● **PROBLEM DETAILS**
Write out each entry word for word.

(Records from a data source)
____

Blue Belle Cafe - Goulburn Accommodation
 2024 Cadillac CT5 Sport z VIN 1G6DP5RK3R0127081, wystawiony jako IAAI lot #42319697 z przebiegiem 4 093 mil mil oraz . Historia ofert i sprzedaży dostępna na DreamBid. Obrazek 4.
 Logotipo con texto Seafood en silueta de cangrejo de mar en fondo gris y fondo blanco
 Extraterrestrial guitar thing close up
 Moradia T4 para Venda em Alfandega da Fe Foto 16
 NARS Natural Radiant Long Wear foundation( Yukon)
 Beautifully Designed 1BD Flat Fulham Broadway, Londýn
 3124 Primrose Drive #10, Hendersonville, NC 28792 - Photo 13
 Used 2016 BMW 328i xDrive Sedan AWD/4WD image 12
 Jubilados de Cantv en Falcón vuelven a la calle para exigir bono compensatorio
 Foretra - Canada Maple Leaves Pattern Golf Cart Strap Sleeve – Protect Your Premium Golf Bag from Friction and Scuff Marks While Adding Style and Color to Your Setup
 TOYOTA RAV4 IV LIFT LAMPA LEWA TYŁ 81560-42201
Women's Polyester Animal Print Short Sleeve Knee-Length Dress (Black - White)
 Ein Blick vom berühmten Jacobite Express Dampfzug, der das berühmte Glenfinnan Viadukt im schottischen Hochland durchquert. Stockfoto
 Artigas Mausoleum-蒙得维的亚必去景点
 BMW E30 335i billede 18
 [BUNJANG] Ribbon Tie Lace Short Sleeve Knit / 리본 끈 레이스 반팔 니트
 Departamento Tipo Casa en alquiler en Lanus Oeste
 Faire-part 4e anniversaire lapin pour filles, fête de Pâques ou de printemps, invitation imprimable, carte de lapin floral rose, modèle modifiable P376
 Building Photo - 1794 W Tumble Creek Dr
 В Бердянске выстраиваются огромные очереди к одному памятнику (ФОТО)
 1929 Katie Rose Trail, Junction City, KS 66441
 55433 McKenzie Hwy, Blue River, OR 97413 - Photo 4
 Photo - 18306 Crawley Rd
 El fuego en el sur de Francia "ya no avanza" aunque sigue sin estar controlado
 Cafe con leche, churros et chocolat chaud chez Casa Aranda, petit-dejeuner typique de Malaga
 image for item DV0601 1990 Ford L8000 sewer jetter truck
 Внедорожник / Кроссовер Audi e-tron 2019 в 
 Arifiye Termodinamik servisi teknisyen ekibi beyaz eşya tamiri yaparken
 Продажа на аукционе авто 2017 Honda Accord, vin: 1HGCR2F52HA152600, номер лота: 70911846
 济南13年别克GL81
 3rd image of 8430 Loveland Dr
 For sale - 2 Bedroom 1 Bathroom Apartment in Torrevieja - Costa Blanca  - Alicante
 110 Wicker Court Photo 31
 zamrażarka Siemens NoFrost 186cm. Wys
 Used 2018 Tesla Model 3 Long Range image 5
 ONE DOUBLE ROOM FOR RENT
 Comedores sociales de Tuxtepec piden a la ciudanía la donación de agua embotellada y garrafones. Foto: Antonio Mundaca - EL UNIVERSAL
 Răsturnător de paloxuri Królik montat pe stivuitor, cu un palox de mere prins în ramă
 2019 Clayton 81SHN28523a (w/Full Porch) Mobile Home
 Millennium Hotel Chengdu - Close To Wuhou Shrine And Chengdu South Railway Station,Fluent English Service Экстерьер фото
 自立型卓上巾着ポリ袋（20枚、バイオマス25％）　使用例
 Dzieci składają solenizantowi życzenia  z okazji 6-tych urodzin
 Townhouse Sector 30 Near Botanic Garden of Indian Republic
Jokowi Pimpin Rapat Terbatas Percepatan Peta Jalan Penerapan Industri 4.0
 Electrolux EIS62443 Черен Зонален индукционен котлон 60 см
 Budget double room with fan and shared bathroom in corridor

____

● **REPLY TO THE EXERCISE**
Blue Belle Cafe - Goulburn Accommodation
 2024 Cadillac CT5 Sport z VIN 1G6DP5RK3R0127081, wystawiony jako IAAI lot #42319697 z przebiegiem 4 093 mil mil oraz . Historia ofert i sprzedaży dostępna na DreamBid. Obrazek 4.
 Logotipo con texto Seafood en silueta de cangrejo de mar en fondo gris y fondo blanco
 Extraterrestrial guitar thing close up
 Moradia T4 para Venda em Alfandega da Fe Foto 16
 NARS Natural Radiant Long Wear foundation( Yukon)
 Beautifully Designed 1BD Flat Fulham Broadway, Londýn
 3124 Primrose Drive #10, Hendersonville, NC 28792 - Photo 13
 Used 2016 BMW 328i xDrive Sedan AWD/4WD image 12
 Jubilados de Cantv en Falcón vuelven a la calle para exigir bono compensatorio
 Foretra - Canada Maple Leaves Pattern Golf Cart Strap Sleeve – Protect Your Premium Golf Bag from Friction and Scuff Marks While Adding Style and Color to Your Setup
 TOYOTA RAV4 IV LIFT LAMPA LEWA TYŁ 81560-42201
Women's Polyester Animal Print Short Sleeve Knee-Length Dress (Black - White)
 Ein Blick vom berühmten Jacobite Express Dampfzug, der das berühmte Glenfinnan Viadukt im schottischen Hochland durchquert. Stockfoto
 Artigas Mausoleum-蒙得维的亚必去景点
 BMW E30 335i billede 18
 [BUNJANG] Ribbon Tie Lace Short Sleeve Knit / 리본 끈 레이스 반팔 니트
 Departamento Tipo Casa en alquiler en Lanus Oeste
 Faire-part 4e anniversaire lapin pour filles, fête de Pâques ou de printemps, invitation imprimable, carte de lapin floral rose, modèle modifiable P376
 Building Photo - 1794 W Tumble Creek Dr
 В Бердянске выстраиваются огромные очереди к одному памятнику (ФОТО)
 1929 Katie Rose Trail, Junction City, KS 66441
 55433 McKenzie Hwy, Blue River, OR 97413 - Photo 4
 Photo - 18306 Crawley Rd
 El fuego en el sur de Francia "ya no avanza" aunque sigue sin estar controlado
 Cafe con leche, churros et chocolat chaud chez Casa Aranda, petit-dejeuner typique de Malaga
 image for item DV0601 1990 Ford L8000 sewer jetter truck
 Внедорожник / Кроссовер Audi e-tron 2019 в 
 Arifiye Termodinamik servisi teknisyen ekibi beyaz eşya tamiri yaparken
 Продажа на аукционе авто 2017 Honda Accord, vin: 1HGCR2F52HA152600, номер лота: 70911846
 济南13年别克GL81
 3rd image of 8430 Loveland Dr
 For sale - 2 Bedroom 1 Bathroom Apartment in Torrevieja - Costa Blanca  - Alicante
 110 Wicker Court Photo 31
 zamrażarka Siemens NoFrost 186cm. Wys
 Used 2018 Tesla Model 3 Long Range image 5
 ONE DOUBLE ROOM FOR RENT
 Comedores sociales de Tuxtepec piden a la ciudanía la donación de agua embotellada y garrafones. Foto: Antonio Mundaca - EL UNIVERSAL
 Răsturnător de paloxuri Królik montat pe stivuitor, cu un palox de mere prins în ramă
 2019 Clayton 81SHN28523a (w/Full Porch) Mobile Home
 Millennium Hotel Chengdu - Close To Wuhou Shrine And Chengdu South Railway Station,Fluent English Service Экстерьер фото
 自立型卓上巾着ポリ袋（20枚、バイオマス25％）　使用例
 Dzieci składają solenizantowi życzenia  z okazji 6-tych urodzin
 Townhouse Sector 30 Near Botanic Garden of Indian Republic
Jokowi Pimpin Rapat Terbatas Percepatan Peta Jalan Penerapan Industri 4.0
 Electrolux EIS62443 Черен Зонален индукционен котлон 60 см
 Budget double room with fan and shared bathroom in corridor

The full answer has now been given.